What is genomics?
The Human Genome Project was launched in 1990 with the goal of sequencing a human genome for the very first time. The Human Genome Project took 15 years and cost $2.7 billion in 1990 monetary value. Today, genomic sequencing can be done in a few weeks, at a cost of a few thousand dollars.
As technology in this area improves and becomes more accessible, medical research and clinical practice is moving away from genetic testing (e.g. looking for variants in the breast cancer genes BRCA1 and BRCA2), towards testing the whole genome, or genomic sequencing.
Genomic sequencing offers huge benefits. It is currently being used to predict disease risk, diagnose patients, and guide treatment, and its use is expected to grow exponentially in coming years as science and technology continues to advance healthcare.

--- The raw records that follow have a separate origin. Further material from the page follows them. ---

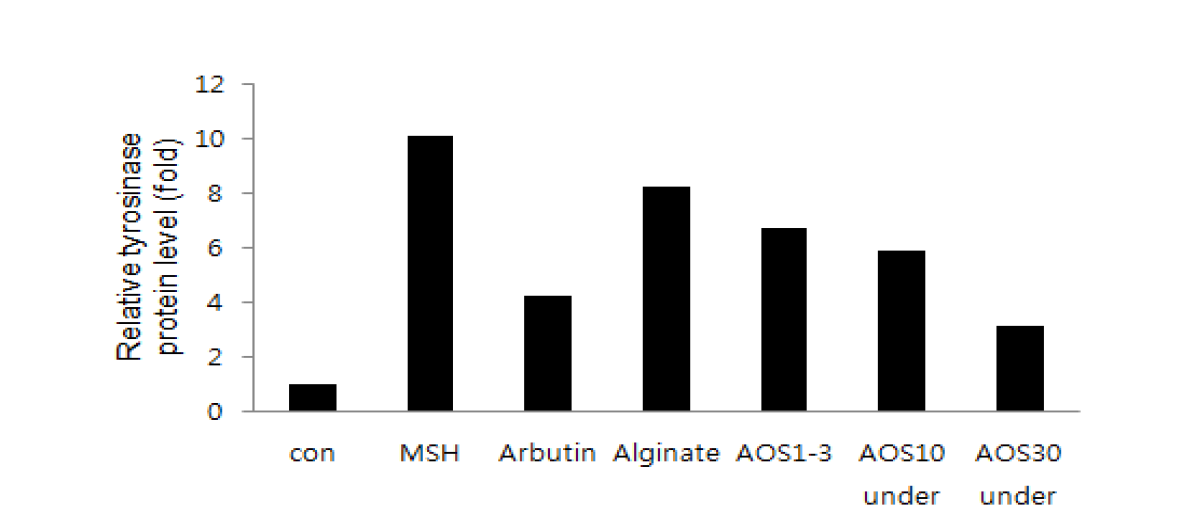 Effects of AOS on Tyrosinase Expression in B16 Melanoma Cells. Expression levels of tyrosinase were analyzed by Western blot. b-actin levels were served as control.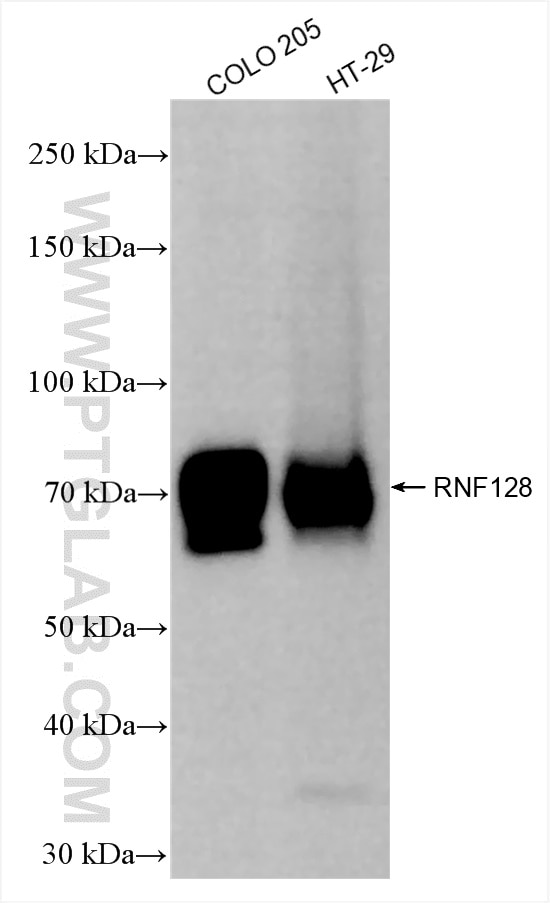 Various lysates were subjected to SDS PAGE followed by western blot with 85137-4-RR (RNF128 antibody) at dilution of 1:2000 incubated at room temperature for 1.5 hours. Western Blot (WB) analysis of various lysates using RNF128 Recombinant monoclonal antibody (85137-4-RR)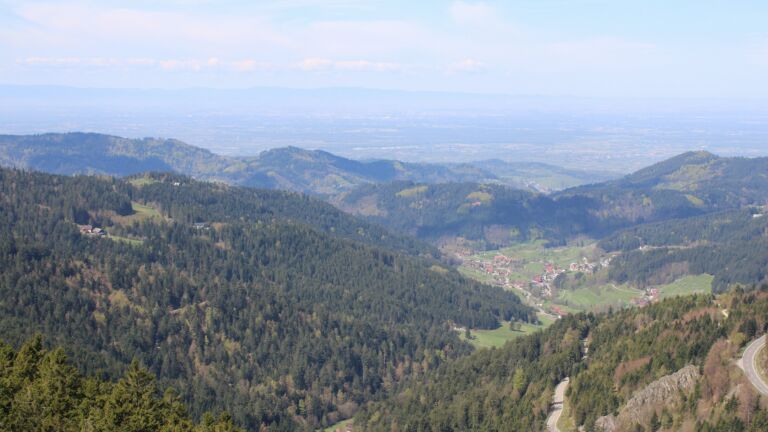 Dieses Bild zeigt eine Webcam-Aufnahme vom Achertal, aufgenommen am Freitag, den 17.04.2026 um 11:50 Uhr. Die Temperatur betrug 14.8°C.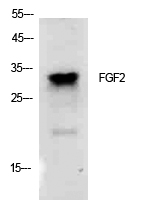 FGF-2 Polyclonal Antibody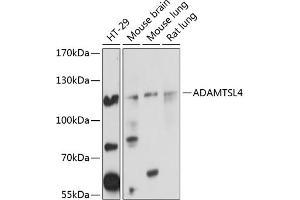 Western blot analysis of extracts of various cell lines, using  Antibody (ABIN6133083, ABIN6136547, ABIN6136548 and ABIN6220761) at 1:1000 dilution. (ADAMTSL4 anticorps  (AA 795-1074))
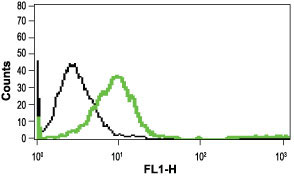 Indirect flow cytometry analysis in live intact Jurkat cells: Black: Unstained cells + goat-anti-rabbit-FITC. Green: Cells + Anti-mGluR1 (extracellular) antibody (#WGA1270), (10 µg) + goat-anti-rabbit-FITC.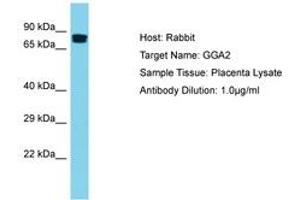 Image no. 1 for anti-Golgi-Associated, gamma Adaptin Ear Containing, ARF Binding Protein 2 (GGA2) (AA 154-203) antibody (ABIN6750505)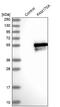 Family With Sequence Similarity 170 Member A antibody, NBP2-32707, Novus Biologicals, Western Blot image 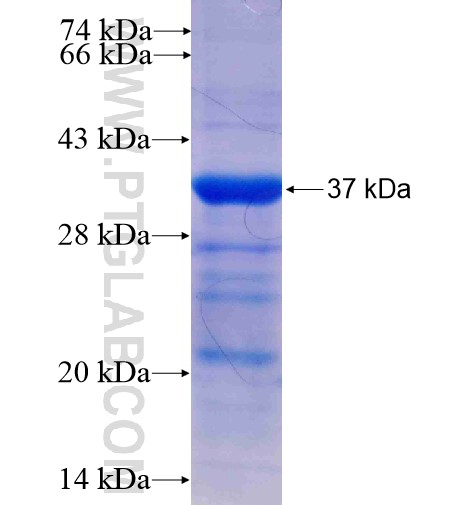 FAM164C fusion protein Ag14780 SDS-PAGE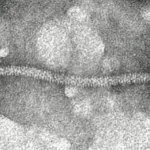 Apple stem grooving virus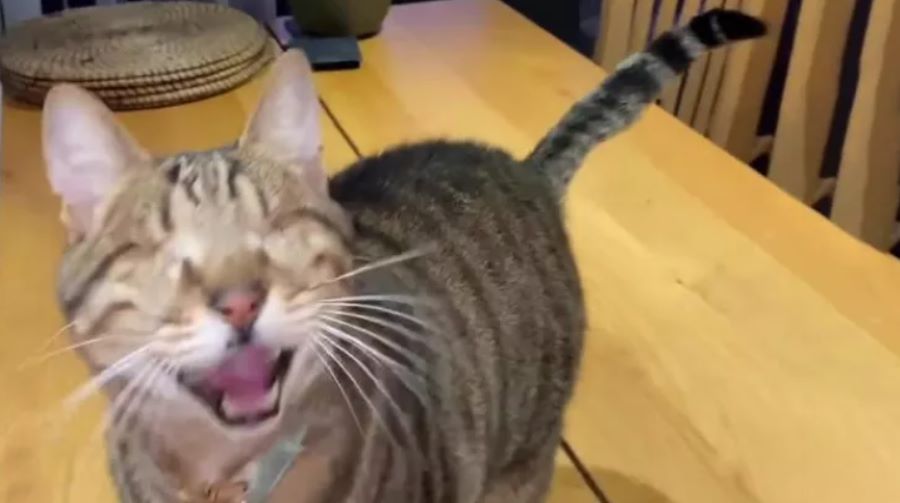 Gatto cieco cerca le coccole: il suo miagolio è irresistibile e il video diventa virale. Ecco perché!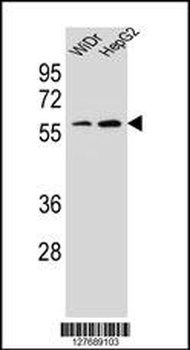 HOXA10 Antibody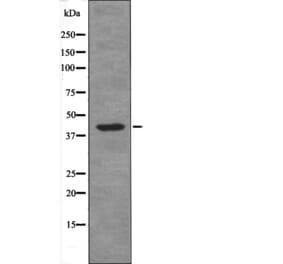 Western blot - DAPK1 (Phospho-Ser308) Antibody from Signalway Antibody (12707) - Antibodies.com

Genomics is driving the emerging field of ‘precision medicine’, which involves treating individual patients based on the particular genetic causes of their cancer, as opposed to uniform approaches to treatment like chemotherapy. Patients will receive individualised targeted treatment options with a smaller amount of side effects and focused treatment timeframes.

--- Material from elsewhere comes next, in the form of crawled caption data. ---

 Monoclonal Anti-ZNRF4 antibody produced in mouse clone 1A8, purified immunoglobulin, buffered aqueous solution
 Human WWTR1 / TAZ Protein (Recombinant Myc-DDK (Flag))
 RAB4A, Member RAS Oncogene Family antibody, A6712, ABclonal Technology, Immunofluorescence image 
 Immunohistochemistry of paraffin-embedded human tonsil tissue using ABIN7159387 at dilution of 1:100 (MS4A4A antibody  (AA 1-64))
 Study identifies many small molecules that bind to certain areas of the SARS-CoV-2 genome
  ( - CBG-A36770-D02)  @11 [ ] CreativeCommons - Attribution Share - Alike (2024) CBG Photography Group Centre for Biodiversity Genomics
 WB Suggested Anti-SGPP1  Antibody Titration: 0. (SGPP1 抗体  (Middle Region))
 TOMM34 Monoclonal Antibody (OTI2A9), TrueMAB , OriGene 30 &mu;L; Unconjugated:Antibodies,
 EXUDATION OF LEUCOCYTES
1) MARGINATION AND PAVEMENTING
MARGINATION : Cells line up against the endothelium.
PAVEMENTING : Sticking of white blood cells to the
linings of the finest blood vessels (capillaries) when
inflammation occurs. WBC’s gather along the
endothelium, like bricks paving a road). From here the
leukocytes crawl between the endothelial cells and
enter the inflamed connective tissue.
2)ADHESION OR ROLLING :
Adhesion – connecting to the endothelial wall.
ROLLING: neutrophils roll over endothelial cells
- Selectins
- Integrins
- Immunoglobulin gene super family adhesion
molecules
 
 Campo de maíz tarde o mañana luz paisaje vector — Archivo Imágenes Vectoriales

Genomic sequencing can also identify the cause of rare genetic diseases in children, who may otherwise be undiagnosed.
However, while it offers huge benefits, genomic sequencing also presents a range of challenges.
The research and technology is progressing rapidly, which means the information gained is moving faster than our knowledge about how it will affect our lives. While the issues can be addressed and overcome, it’s crucial that we consider them to make sure patient wellbeing is the priority.